We have previously mapped PEDF anti-angiogenic function to the N-terminal surface epitope (the 34-mer amino acid residues 24–57) [13]. PEDF pro-survival and neurodifferentiating functions have been mapped to the adjacent epitope (44-mer residues 58–101) [10,14,15]. Combined with the results of binding studies, data by us and others indicate that PEDF can bind two non-identical receptors that trigger distinct signaling cascades, leading to different functional outcomes [13]. Recently one PEDF receptor, a phospolypase A2, has been identified, which is likely to transmit PEDF pro-survival and differentiating signals [16]; the anti-angiogenic PEDF receptor remains elusive.

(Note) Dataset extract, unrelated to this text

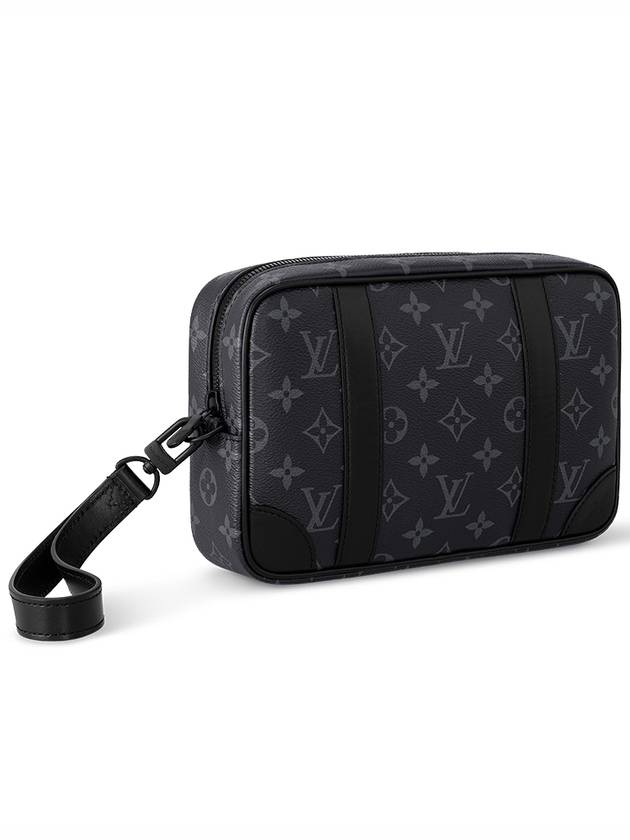 Pochette Kasai Monogram Eclipse Pouch Bag Black - LOUIS VUITTON - BALAAN 3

While overexpression of the native PEDF is effective in delaying growth, treatment with native protein is less feasible due to antigenicity and stability issues, as well as prohibitive production costs. In addition, pro-survival function of exogenously added PEDF may oppose its anti-tumor effect: indeed, both PEDF at high concentrations and 44-mer are pro-angiogenic [13,17] suggesting the existence of the second, low-affinity endothelial receptor for the 44-mer epitope. Neuroendocrine (NE) differentiation of cancer cells due to the 44-mer may also augment tumor growth and angiogenesis, since NE cells secrete high levels of growth factors and cytokines, which are also pro-angiogenic [18]. Thus using PEDF derivatives, which retain only anti-angiogenic activity, could be more practical. Small peptides (less then 20 amino acids) are usually less likely to generate immune response; they are also more effectively absorbed through the oral mucosa by passive diffusion [19]. Although small peptides might have short half life in vivo, that obstacle can be overcome by chemical modifications. In the study below we identified minimal active peptide within the anti-angiogenic 34-mer epitope (P18). P18 in vitro activity was similar to that of the 34-mer. In vivo, however P18 inhibited angiogenesis and the growth of moderately aggressive prostate cancer and of highly aggressive renal cell carcinoma, while the 34-mer produced no significant effect. P18 altered the expression of the two PEDF signaling targets critical for its anti-angiogenic action, VEGF receptor (VEGFR) [20] and CD95 ligand (CD95L) [13] in P18 treated animals: the proportion of the VEGFR-positive microvessels was decreased in response to P18, while the percent of vascular structures positive for CD95L became significantly higher, suggesting that P18 shares molecular targets and signaling cascades with parental PEDF.

Materials and Methods

Cells and Reagents

Human umbilical vein and microvascular endothelial cells (HUVECs and HMVECs, respectively, from Lonza, Bazel, Switzerland) were maintained at 5% CO2 in MCDB131 medium (Sigma, St. Louis, MO) supplemented with endothelial cell bullet kit, 5% FBS (Lonza) and 1% penicillin-streptomycin mix (P/S); the cells were used at passages 6–9. Prostate carcinoma cells PC-3 (American Tissue Type Culture Collection, Manassas, VA) were maintained at 5% CO2 in RPMI (Mediatech, Inc, Manassas, VA), 10% FBS, 1% P/S. Renca cells (a gift from Dr. Chung Lee, Northwestern University Urology Department) were maintained at 5% CO2 in DMEM (Mediatech, Inc, Manassas, VA), 10% FBS.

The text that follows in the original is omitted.